In the discipline of social history, periodization is an interpretive act. Richard Price’s book, British Society, 1680–1880, highlights the power of periodization in a particularly stark fashion, for he proposes a relatively radical rethinking of the conventional boundaries of British history. His argument is that historians of the ‘long eighteenth century,’ and those of the Victorian era, have over emphasized the extent of change—political, economic, social—which divides the eighteenth from the nineteenth century. He suggests that more profound changes occurred, on one hand, in the late seventeenth century when Britain left its early modern past and, on the other hand, in the late nineteenth century when Britain became a truly modern society.
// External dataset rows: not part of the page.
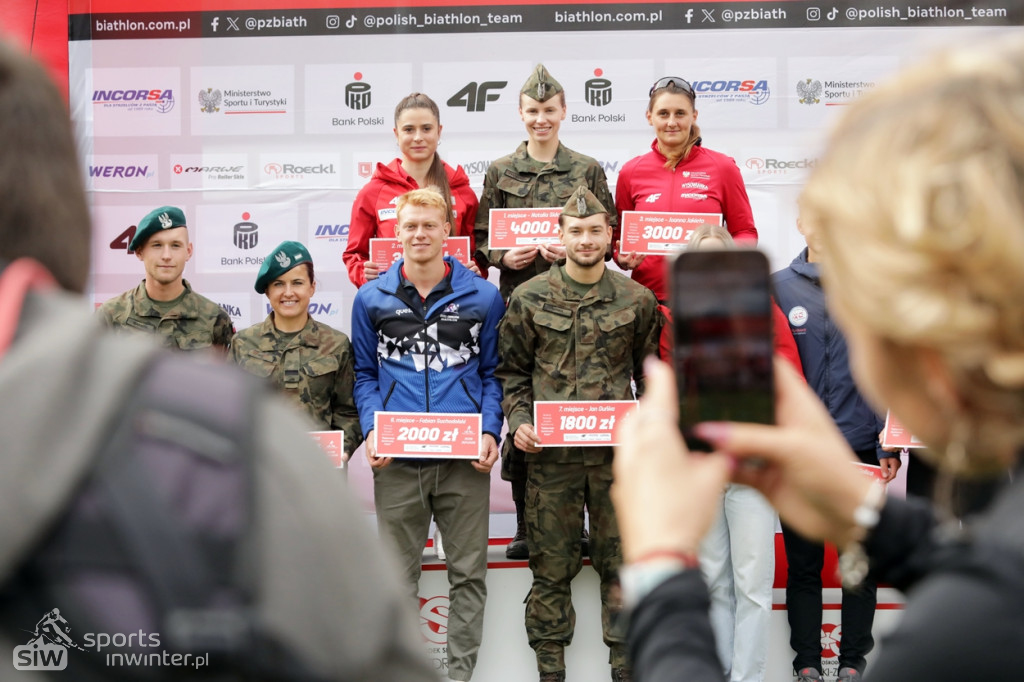 Guńka i Sidorowicz ze złotymi medalami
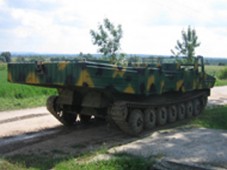 Panzer fahren GSP55&T55 - Ungarn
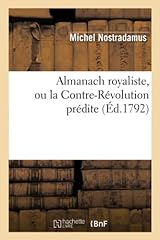 almanach royal d'occasion  Livré partout en France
Price proposes this new periodization to emphasize the economic, political, social, and cultural coherence of these two centuries and argues that it solves a number of historiographical problems created by the conventional boundaries.

It is important to stress that Price’s vision of the period from 1680 to 1880 explicitly acknowledges its contradictory characteristics. On one hand, he recognizes the many dynamic features of British society in these centuries; this is not an argument for Britain as an unchanging ancien regime. On the other hand, he stresses elements of continuity; this is not a grand metanarrative of teleological development. What holds the period together in Price’s view is that the apparently contradictory currents of dynamism and continuity operated in essentially the same historical terrain and under a common set of conventions.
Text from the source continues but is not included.